> [PROBLEM DESCRIPTION] Once the line holding "Axial T1 C+" is found in the entries below, transcribe exactly every line up to and including the one holding "کاشت مو به روش میکروگرافت", but leave out the pictures.

> [TASK INPUTS]
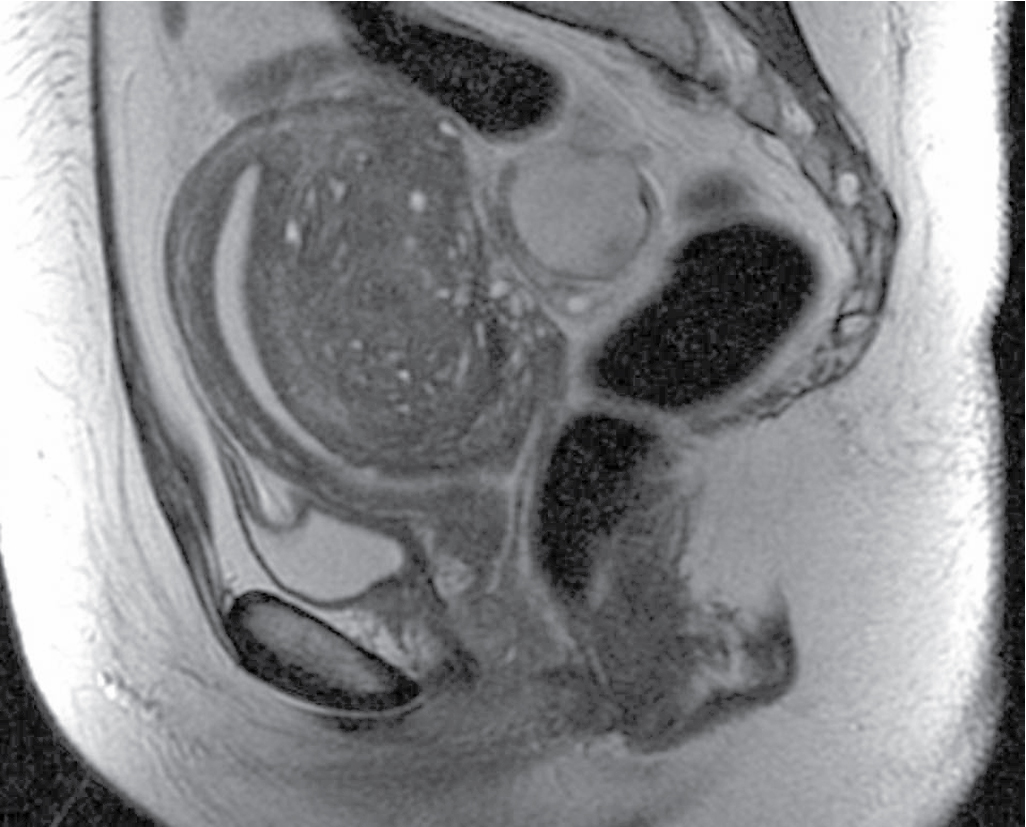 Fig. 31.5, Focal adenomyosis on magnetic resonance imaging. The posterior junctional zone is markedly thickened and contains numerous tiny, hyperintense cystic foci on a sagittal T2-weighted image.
==
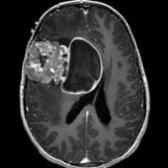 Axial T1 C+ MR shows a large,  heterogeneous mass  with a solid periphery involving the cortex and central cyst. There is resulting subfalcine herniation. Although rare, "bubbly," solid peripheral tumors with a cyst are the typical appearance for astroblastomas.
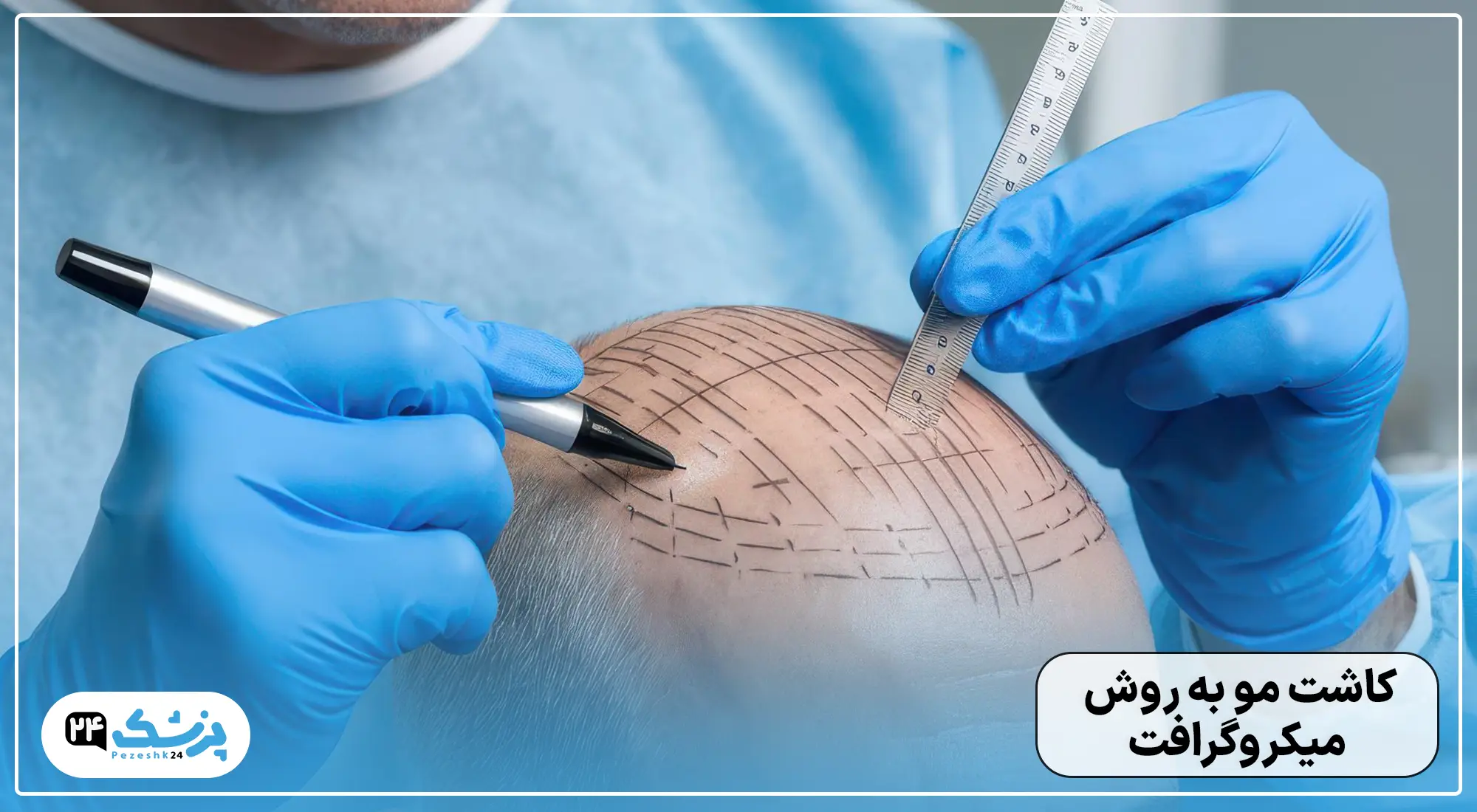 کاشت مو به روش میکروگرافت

> [EXPECTED ANSWER]
 Axial T1 C+ MR shows a large,  heterogeneous mass  with a solid periphery involving the cortex and central cyst. There is resulting subfalcine herniation. Although rare, "bubbly," solid peripheral tumors with a cyst are the typical appearance for astroblastomas.
 کاشت مو به روش میکروگرافت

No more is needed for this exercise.